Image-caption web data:
****************************************
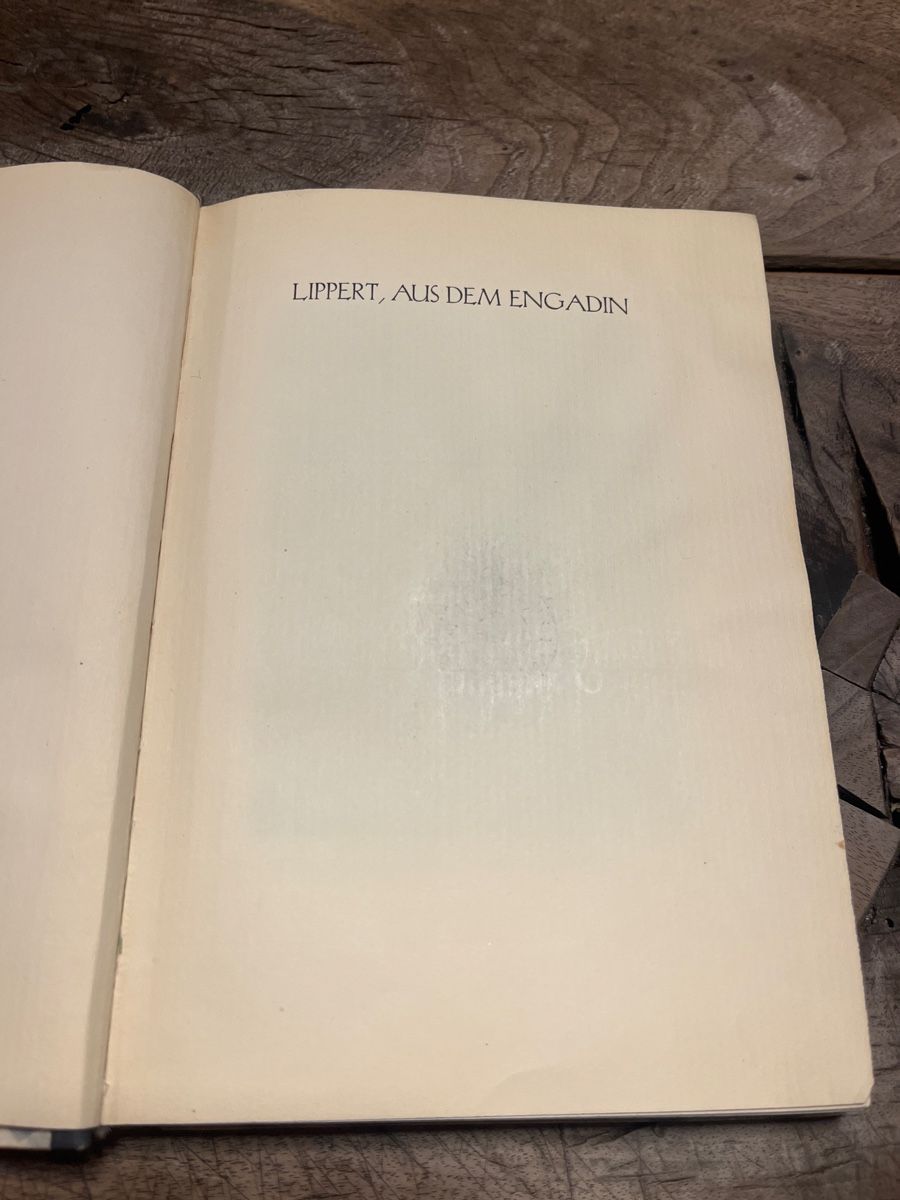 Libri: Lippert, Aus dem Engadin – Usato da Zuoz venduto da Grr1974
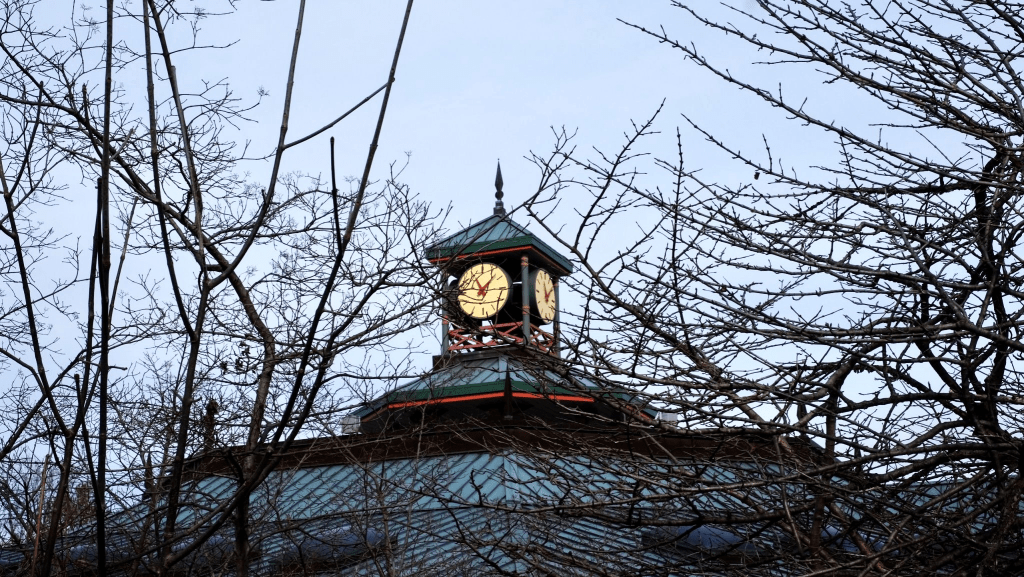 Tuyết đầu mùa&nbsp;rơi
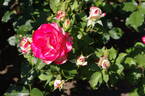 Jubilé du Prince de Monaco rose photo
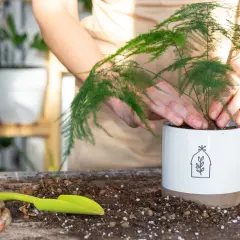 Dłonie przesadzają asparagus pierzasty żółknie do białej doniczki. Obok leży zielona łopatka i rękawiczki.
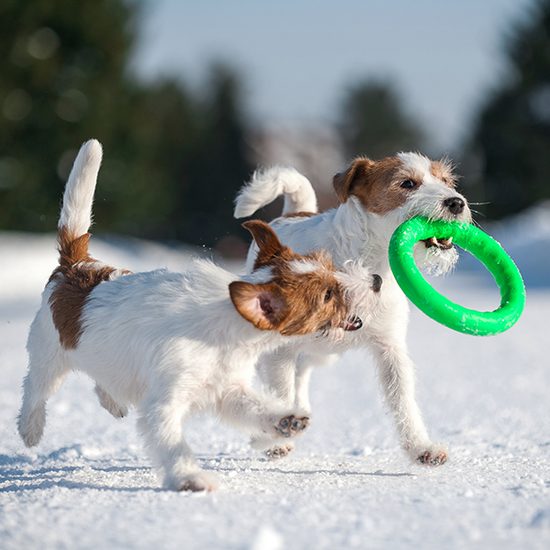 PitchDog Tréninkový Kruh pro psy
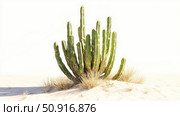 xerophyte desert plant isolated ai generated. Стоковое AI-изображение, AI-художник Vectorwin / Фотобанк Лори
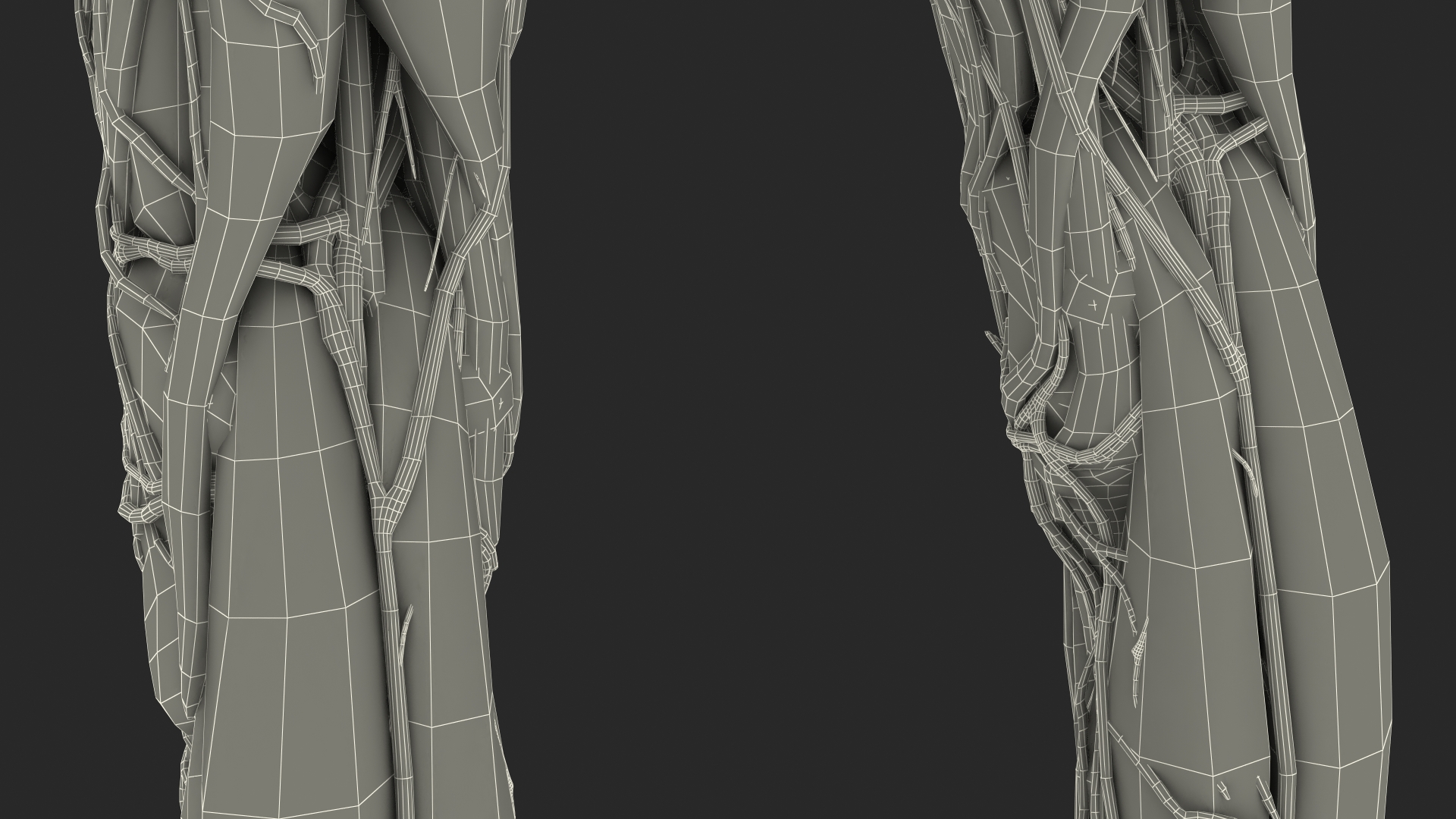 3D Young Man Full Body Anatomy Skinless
****************************************
Please reproduce the entries above exactly, omitting every picture.

 Libri: Lippert, Aus dem Engadin – Usato da Zuoz venduto da Grr1974
 Tuyết đầu mùa&nbsp;rơi
 Jubilé du Prince de Monaco rose photo
 Dłonie przesadzają asparagus pierzasty żółknie do białej doniczki. Obok leży zielona łopatka i rękawiczki.
 PitchDog Tréninkový Kruh pro psy
 xerophyte desert plant isolated ai generated. Стоковое AI-изображение, AI-художник Vectorwin / Фотобанк Лори
 3D Young Man Full Body Anatomy Skinless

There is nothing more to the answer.